Gazze’de biriken çöp yığınları ve atık sular nedeniyle salgın hastalıklar arttı
“Toprak ve su kaynakları kirlendi”
- Yoğun nüfuslu Gazze bölgelerinde ağır metaller ve patlayıcı kimyasallar içeren mühimmat kullanıldı. Bu durum, toprak ve su kaynaklarını kirleterek çatışmalar sona erdikten sonra bile sürecek bir insan sağlığı riski oluşturuyor. Patlamamış mühimmatlar özellikle çocuklar için ciddi riskler oluşturuyor.
- Güneş panellerinin imha edilmesi, kurşun ve diğer ağır metallerin sızmasına neden olarak Gazze’nin toprak ve su kaynaklarına yeni bir risk oluşturabilir.
- Hamas’ın tünel sistemi ve İsrail’in bunları yok etme çabaları çevresel hasara daha fazla katkıda bulunuyor. Rapor, tünellerin inşaat standartlarına ve içlerine ne ölçüde su pompalandığına bağlı olarak, yeraltı suyu kirliliğinden kaynaklanan insan sağlığına yönelik uzun vadeli riskler ve potansiyel olarak dengesiz toprak yüzeylerinde inşa edilen binalar için uyarılarda bulunuyor.
“Acı dolu, uzun bir iyileşme süreci”
UNEP İcra Direktörü Inger Andersen’e göre, “Gazze halkı sadece devam eden savaşın acılarıyla uğraşmıyor, aynı zamanda artan çevresel hasar dolayısıyla acı dolu, uzun bir iyileşme sürecine maruz kalıyor.”
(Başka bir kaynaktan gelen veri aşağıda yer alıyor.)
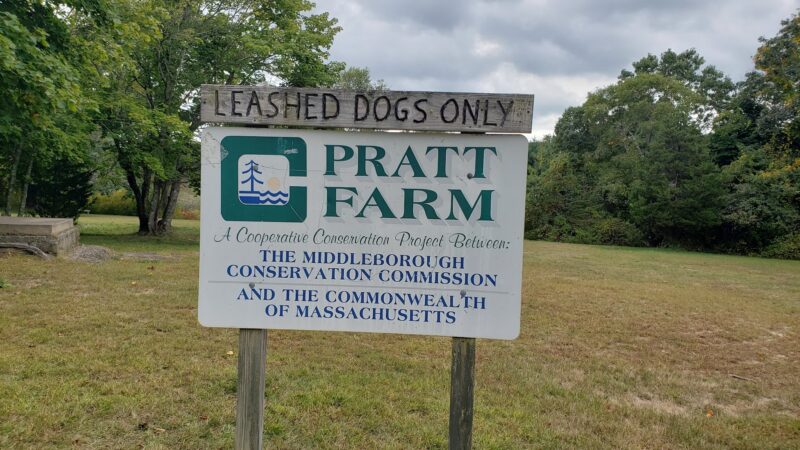 Pratt Farm - Middleborough, MA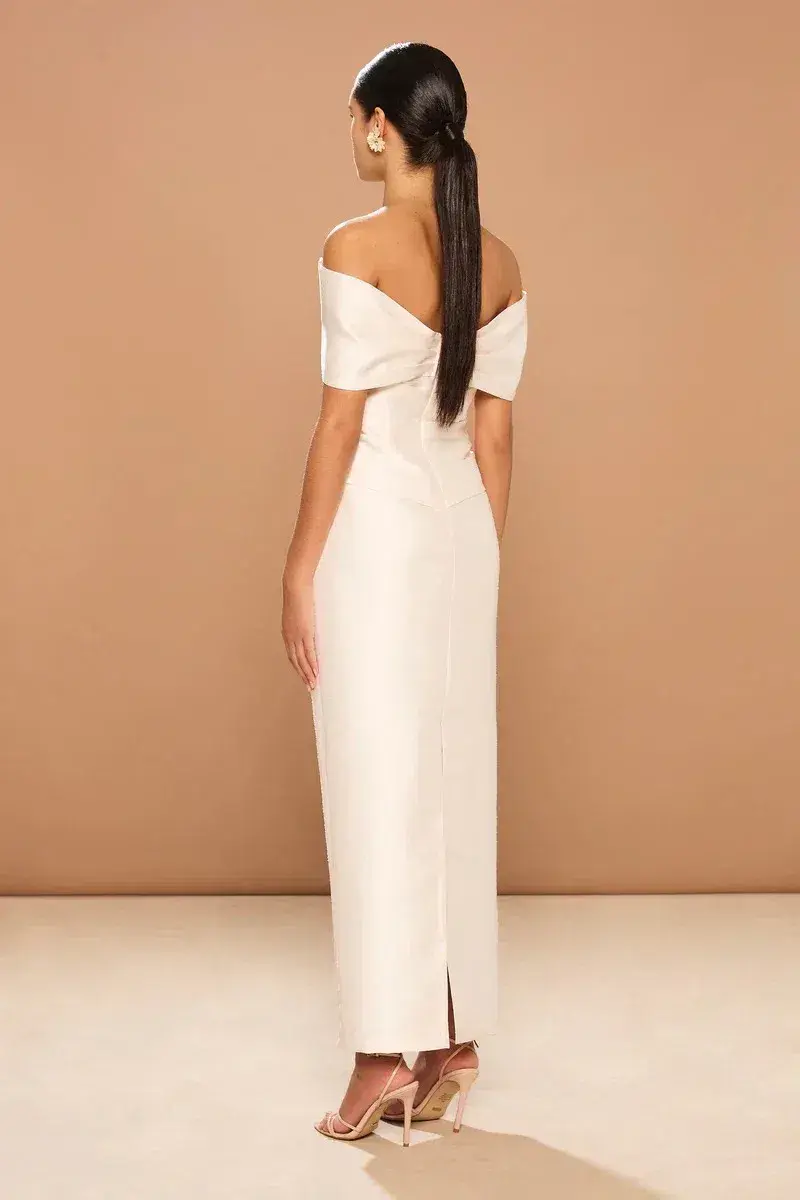Sonya Moda 'Aspen Gown Pearl Size 12 - Image 2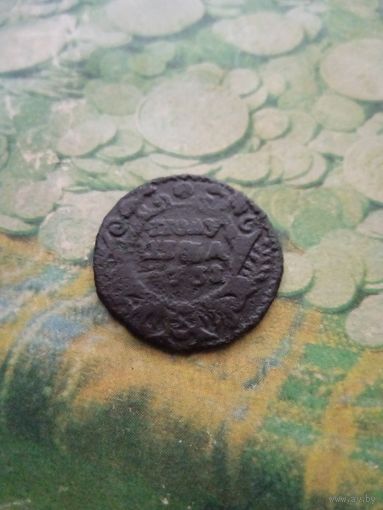 Полушка 1751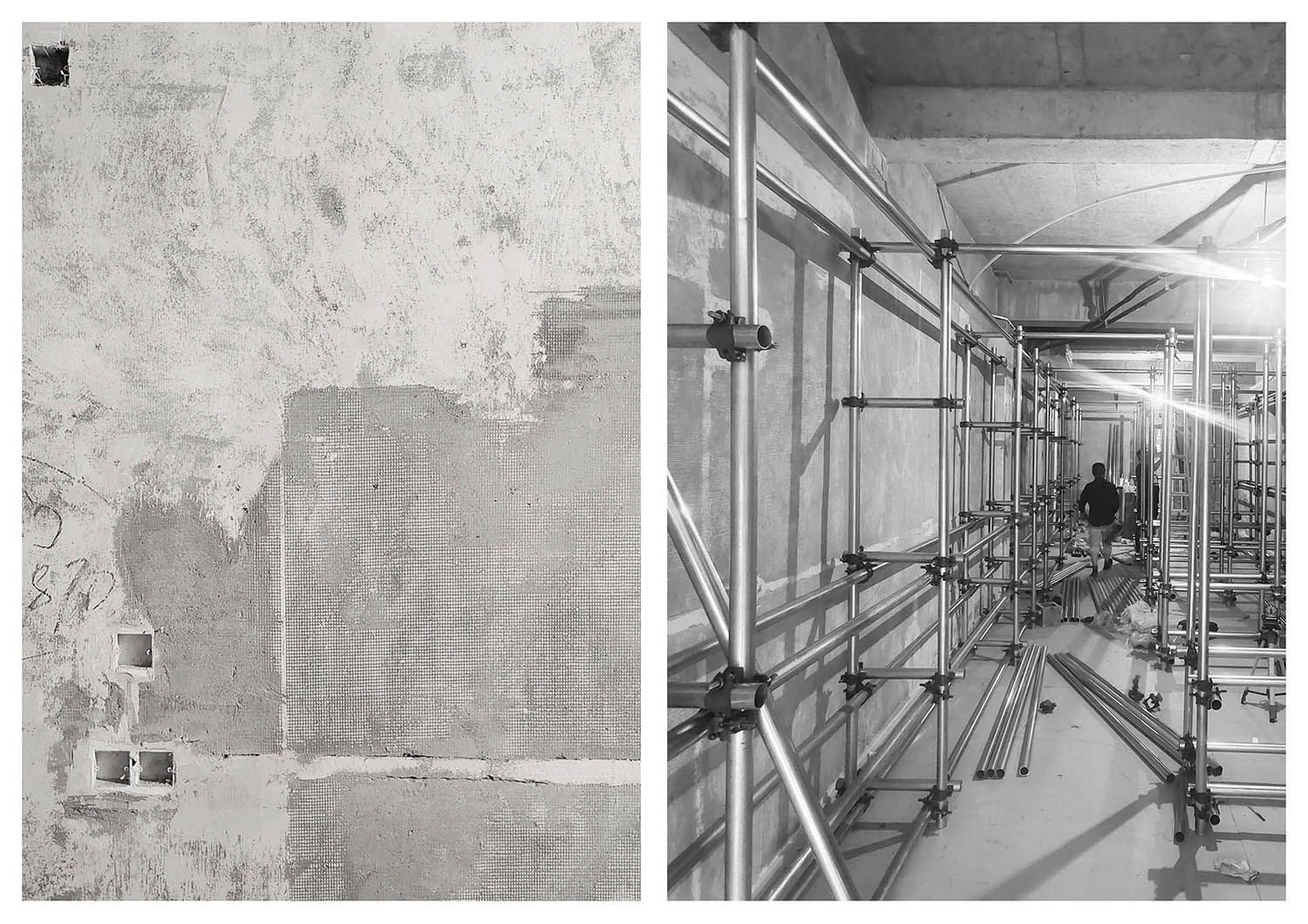 商店設計,零售店設計,社區零售店設計,零售店設計案例,零售店設計方案,杭州,雲瀾紙鋪,四口建築設計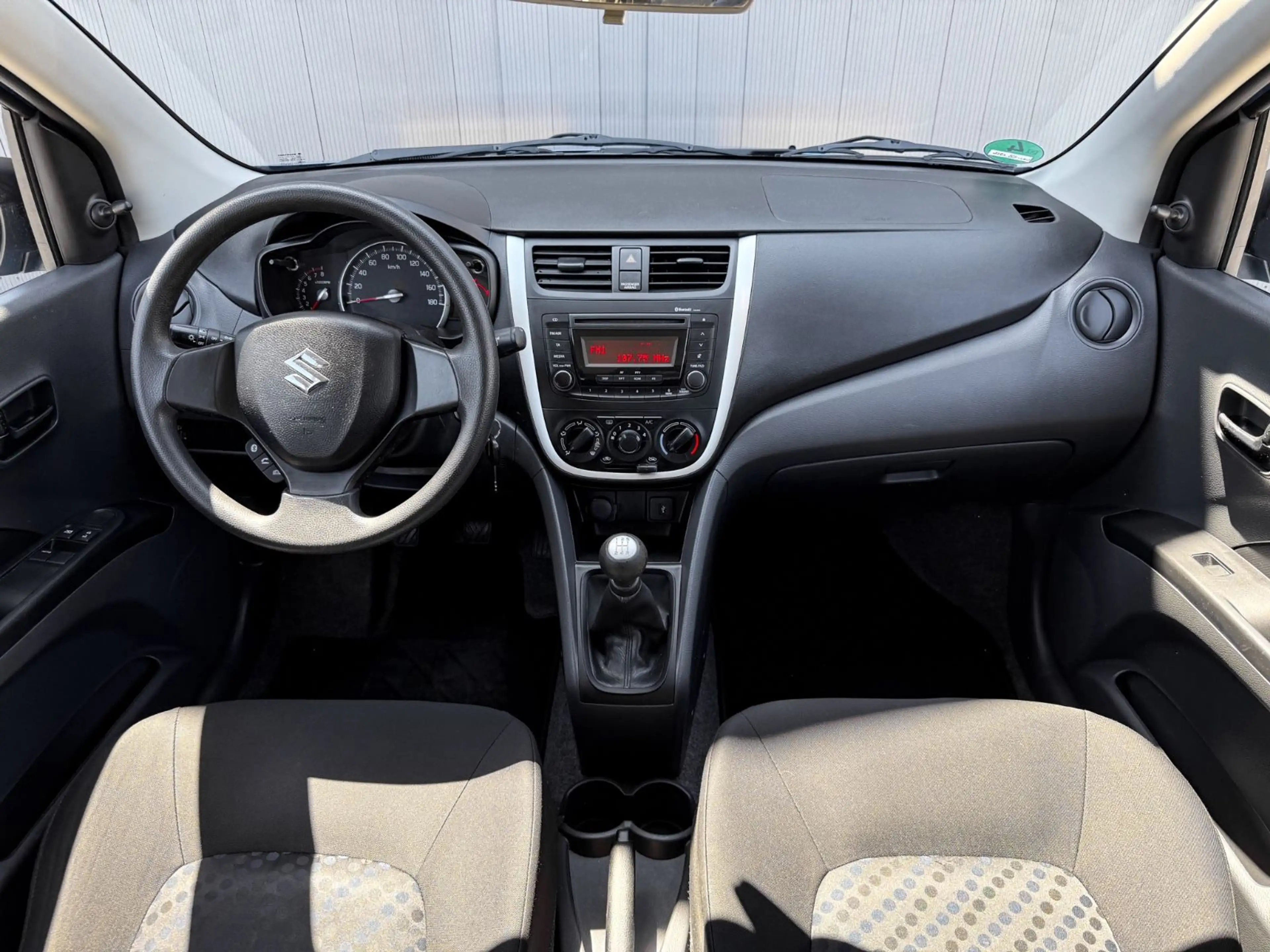 Suzuki Celerio SITZHEIZUNG|KLIMA|BLUETOOTH|SERVICE NEU — photo 5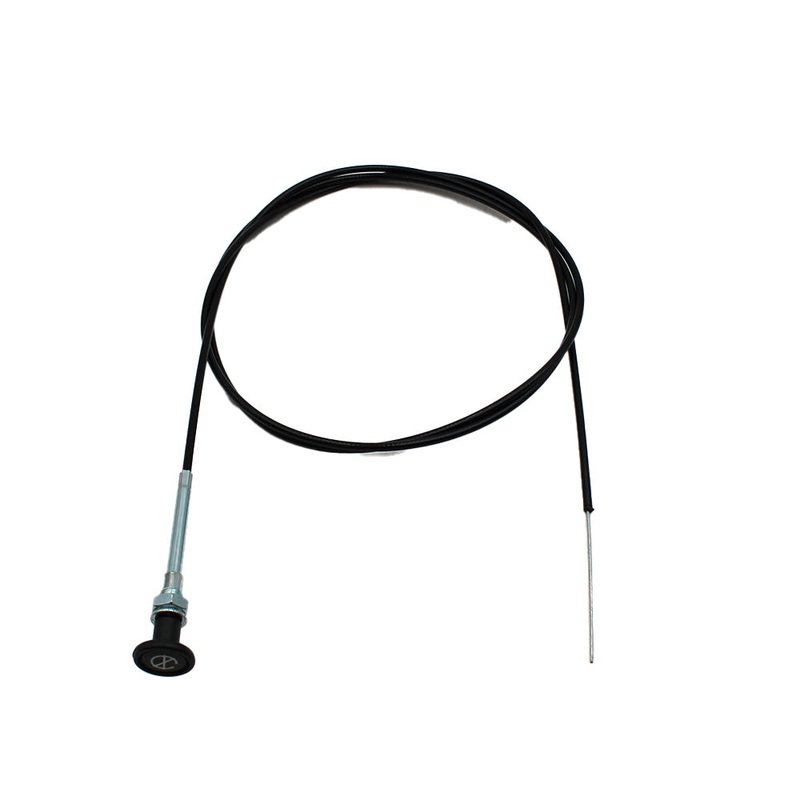 AL120032 Fuel Shutoff Cable Fits John Deere Tractor 1040 1140 1640 1840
Gazze'de çevreyi etkileyen kirleticilerin türü ve miktarı konusunda soru işaretleri olduğuna dikkat çeken Andersen, Filistinlilerin savaşın yarattığı hasarın ve kirliliğin sonuçlarıyla yaşamak zorunda kaldığını belirtti.
BM: Gazze'de sadece insani kriz yok, “sefalet girdabı” var
“Gazze’de ekokırım yaşanıyor”
İngiltere merkezli Guardian gazetesinin haberine göre, Gazze’deki kirliliğin yüzde 99’u İsrail’in hava bombardımanları ve kara işgalinden kaynaklanıyor.
Londra merkezli bağımsız bir araştırma grubu olan Forensic Architecture’ın araştırmasına dikkat çeken Guardian, kurumun, Gazze’de tarım arazilerinin ve altyapının tahrip edilmesini 'kasıtlı bir ekokırım eylemi' olarak nitelediğini belirtiyor.
İsrail’in hedef aldığı çiftlikler ve seraların, onlarca yıldır kuşatma altında olan Gazzeliler için yerel gıda üretiminin temelini oluşturduğunu belirten Forensic Architecture, “Bu sistematik tarımsal yıkımın etkileri, Gazze’de Filistinlilerin hayatta kalması için kritik kaynaklardan bilinçli olarak mahrum bırakılmasıyla daha da kötüleşiyor” diyor.
Filistin Sivil Çevre Örgütleri Ağı Koordinatörü Abeer Butmeh’e göre ise “İsrail işgali Gazze’deki tüm yaşamsal unsurlara ve tüm çevresel unsurlara tamamen zarar verdi; tarımı ve yaban hayatını tamamen yok etti. Olan şey kesinlikle ekokırımdır. Bu Gazze’deki çevreye uzun vadede, sadece kısa vadede değil, zarar veriyor.”
Gazze’deki yıkımın boyutu ve uzun vadeli etkileri, bunun potansiyel bir savaş suçu olarak soruşturulması, çevreye kasıtlı zarar vermeyi içeren ‘ekokırım’ olarak sınıflandırılması çağrılarına yol açtı. Bu terim uluslararası hukukta henüz resmi olarak tanınmasa da, İsrail’in Gazze saldırılarının çevresel etkilerini tanımlamak için kullanılıyor.